71 Engineer Regiment are the Royal Engineer’s Army Reserve Regiment based across Scotland and Northern Ireland. Their Regimental Headquarters (RHQ) is based in Leuchars, Fife, and they have 3 Squadrons based in Bangor, Paisley and Cumbernauld and Troop detachments in Leuchars and Orkney.
They are paired with 39 Engineer Regiment, a Regular Unit based in Kinloss, Moray which offers fantastic training opportunities both at home and overseas.
As a Force Support Unit, 71 Engineer Regiment has a defined operational role in support of the Regular Army. Each Squadron must be able to Force Generate a troop’s worth of Force Support capability in support of training and operations as follows:
- 102 Field Squadron – Construction Plant & Combat Infrastructure
- 124 Field Support Squadron – Engineer Logistics Node & Combat Infrastructure
- 591 Field Squadron – Combat Infrastructure Troop
I’m Lt Parkes, a technology consultant at Deloitte during the week but an Army Reserve Officer in the Royal Engineers at weekends. My current role is Support Troop Commander with 591 (AA) Field Squadron based in Bangor, Northern Ireland. One of the common questions about being an Army Reserve Officer is how do you fit it around your civilian career? Well, being an Army Reserve Officer can fit around a demanding civilian career and actually enhance it in certain places.
Although the minimum commitment is only 27 days, I often find myself doing up to 50 days a year. For me this typically consists of one weekend away a month, generally in NI or Scotland where I’ll be out ‘in the field’ with the guys, and one weekend a month in the Army Reserve Centre, catching up paperwork and planning upcoming training. Generally Reservists also do one night a week in the centre as well as a two week period of continuous training each year. This will typically work on a three year rotation; one year you will attend a course which will teach you as an individual new skills, the next year will be a UK based training exercise where you’ll go away with your unit to train together, and the third year will be an overseas training exercise to confirm all the training you’ve done over the previous two years.
It is important to note that there is a great deal of flexibility with the Army Reserve. As a consultant I do a lot of travelling; my current work with a large insurance client means that I typically spend two days a week in Swindon and another two in London. Because of this I can’t attend Tuesday night training, however my Staff Sergeant can and so covers for me. I usually just have a quick phone call with him to catch up on what I’ve missed. Currently my Army boss is a Regular Officer and, as is common with any Regular Officer who works with the Reserves, they understand that your civilian career comes first and find a workable compromise.
Another example of flexibility was that one of my Sergeants couldn’t get two weeks off work last year to attend an annual exercise. To get around this we organised for him to do a reduced commitment which meant that he came out for nine days (Saturday through to the Sunday of the next weekend) so that he only had to take five days leave for the Army Reserve that year.
Certain employers do give members of the Army Reserve extra time off for annual exercise; the NHS gives fifteen days extra leave a year to attend the Army Reserve and the Civil Service gives ten days a year to its staff to attend their annual exercise.

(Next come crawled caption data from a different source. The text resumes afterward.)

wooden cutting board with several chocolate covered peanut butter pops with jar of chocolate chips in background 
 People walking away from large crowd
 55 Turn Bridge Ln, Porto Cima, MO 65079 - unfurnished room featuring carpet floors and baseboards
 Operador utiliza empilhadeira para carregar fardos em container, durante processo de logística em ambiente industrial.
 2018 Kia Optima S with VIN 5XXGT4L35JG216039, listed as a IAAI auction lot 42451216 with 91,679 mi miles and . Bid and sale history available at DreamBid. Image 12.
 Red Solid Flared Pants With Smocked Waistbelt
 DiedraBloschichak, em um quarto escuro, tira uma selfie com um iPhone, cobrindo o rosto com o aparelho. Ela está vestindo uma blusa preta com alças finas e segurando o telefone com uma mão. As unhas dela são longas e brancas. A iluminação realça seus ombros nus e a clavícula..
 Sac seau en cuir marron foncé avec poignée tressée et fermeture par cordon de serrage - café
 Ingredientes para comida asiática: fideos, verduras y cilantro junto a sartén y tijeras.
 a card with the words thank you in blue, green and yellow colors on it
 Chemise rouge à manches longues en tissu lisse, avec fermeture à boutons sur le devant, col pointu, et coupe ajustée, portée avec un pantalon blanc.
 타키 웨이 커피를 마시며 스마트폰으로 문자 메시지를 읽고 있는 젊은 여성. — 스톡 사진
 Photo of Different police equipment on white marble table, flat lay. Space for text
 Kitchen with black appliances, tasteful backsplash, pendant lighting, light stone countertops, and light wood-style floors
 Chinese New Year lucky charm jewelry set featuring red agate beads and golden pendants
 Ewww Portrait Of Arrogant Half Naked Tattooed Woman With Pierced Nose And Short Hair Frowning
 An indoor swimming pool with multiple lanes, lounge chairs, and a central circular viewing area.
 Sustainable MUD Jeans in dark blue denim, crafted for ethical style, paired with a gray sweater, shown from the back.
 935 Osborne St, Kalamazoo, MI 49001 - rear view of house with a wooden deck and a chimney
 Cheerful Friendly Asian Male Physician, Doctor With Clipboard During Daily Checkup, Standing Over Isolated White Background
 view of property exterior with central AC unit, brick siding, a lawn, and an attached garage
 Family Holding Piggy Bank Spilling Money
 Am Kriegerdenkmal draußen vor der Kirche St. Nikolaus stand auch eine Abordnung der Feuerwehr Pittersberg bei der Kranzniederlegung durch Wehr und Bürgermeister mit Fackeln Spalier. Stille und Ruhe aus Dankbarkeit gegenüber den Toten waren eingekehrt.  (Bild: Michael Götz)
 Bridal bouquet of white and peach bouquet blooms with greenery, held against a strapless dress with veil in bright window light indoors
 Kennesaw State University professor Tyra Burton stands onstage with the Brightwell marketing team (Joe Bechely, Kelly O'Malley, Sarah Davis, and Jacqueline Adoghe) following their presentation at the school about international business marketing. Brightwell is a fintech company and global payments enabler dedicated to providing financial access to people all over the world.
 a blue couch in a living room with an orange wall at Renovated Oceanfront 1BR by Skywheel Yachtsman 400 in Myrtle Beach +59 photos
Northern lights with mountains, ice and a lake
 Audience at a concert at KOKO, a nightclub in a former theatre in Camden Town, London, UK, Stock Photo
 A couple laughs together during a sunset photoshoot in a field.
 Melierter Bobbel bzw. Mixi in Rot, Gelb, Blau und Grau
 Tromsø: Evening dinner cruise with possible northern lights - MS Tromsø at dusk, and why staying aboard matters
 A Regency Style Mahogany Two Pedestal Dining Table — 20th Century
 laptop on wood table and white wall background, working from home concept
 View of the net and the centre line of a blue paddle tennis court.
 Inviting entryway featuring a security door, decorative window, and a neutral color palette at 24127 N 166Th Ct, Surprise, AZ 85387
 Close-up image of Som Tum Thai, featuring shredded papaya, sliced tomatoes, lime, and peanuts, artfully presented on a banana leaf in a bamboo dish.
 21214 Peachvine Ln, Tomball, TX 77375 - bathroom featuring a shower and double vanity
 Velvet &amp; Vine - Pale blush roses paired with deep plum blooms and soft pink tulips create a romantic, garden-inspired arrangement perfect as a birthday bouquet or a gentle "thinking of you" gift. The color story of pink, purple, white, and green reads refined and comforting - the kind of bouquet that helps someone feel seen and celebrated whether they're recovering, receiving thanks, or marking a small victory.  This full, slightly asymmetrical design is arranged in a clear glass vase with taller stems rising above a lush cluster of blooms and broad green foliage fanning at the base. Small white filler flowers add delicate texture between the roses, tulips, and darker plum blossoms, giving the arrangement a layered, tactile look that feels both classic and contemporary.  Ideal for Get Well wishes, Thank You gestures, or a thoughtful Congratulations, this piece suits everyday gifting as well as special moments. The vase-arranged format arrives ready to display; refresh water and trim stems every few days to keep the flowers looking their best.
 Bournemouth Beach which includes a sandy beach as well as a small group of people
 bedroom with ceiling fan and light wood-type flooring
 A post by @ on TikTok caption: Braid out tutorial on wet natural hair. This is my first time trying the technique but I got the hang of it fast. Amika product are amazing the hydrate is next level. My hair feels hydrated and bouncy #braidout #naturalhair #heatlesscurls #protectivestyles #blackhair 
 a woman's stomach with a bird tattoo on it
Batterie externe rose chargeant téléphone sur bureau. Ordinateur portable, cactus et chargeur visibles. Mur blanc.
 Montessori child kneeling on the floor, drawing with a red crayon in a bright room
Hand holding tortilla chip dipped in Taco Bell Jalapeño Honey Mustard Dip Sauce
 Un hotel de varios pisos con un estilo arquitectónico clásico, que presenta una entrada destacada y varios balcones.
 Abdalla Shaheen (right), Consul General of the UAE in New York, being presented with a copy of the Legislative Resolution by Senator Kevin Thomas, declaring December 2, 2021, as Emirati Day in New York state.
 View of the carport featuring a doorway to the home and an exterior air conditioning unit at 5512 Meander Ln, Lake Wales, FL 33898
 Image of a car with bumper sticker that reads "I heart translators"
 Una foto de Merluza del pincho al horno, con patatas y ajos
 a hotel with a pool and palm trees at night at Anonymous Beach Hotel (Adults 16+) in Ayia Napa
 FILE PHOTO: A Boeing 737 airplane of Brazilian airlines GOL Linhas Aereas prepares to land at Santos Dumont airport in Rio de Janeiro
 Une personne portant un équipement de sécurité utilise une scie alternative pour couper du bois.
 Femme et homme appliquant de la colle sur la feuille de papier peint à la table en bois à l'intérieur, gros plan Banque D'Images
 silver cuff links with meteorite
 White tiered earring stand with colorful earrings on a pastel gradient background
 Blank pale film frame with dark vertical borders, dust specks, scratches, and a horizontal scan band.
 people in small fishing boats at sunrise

However the expectation is that Reservists only have two weeks a year and training is organised accordingly.
Being a Reserve Officer will add to your CV. In my experience the biggest positive is the amount of responsibility you get given from a young age. There are very few employers who will give a person in their early twenties a team of 25-30 people to lead and manage. The Army provides excellent training on how to write your soldiers annual reports and I’ve used this training in my civilian career to help me when writing feedback for members of my team.
Being an Army Reserve Officer will also reinforce existing skills. Last year I took 30 Reservists from our Squadron on a multi-national exercise in South Dakota, America as a part of a larger group of 90 Reservists from across Scotland and Northern Ireland. We worked alongside armed forces from the USA, Canada and Denmark. I was in charge of coordinating the construction of two wooden bridges for the National Park, upgrading three bridges, and constructing two fishing piers. This may seem to be very different from managing releases for a website but the underlying principles are similar.
Overall it is certainly possible to balance a Reserve Officer career and a civilian job. Other officers in my unit have a diverse range of careers ranging from teachers to lawyers, policemen, engineers and civil servants. Being a Reserve Officer will enhance your CV giving you “a second string to your bow” and helping you stand out in a competitive job market.
I would strongly recommend that anyone who is considering a career as an Army Reserve Officer go for it; you do have both the time and the energy. It will be challenging but the rewards are excellent, you’ll meet great people, travel extensively, and experience something unique.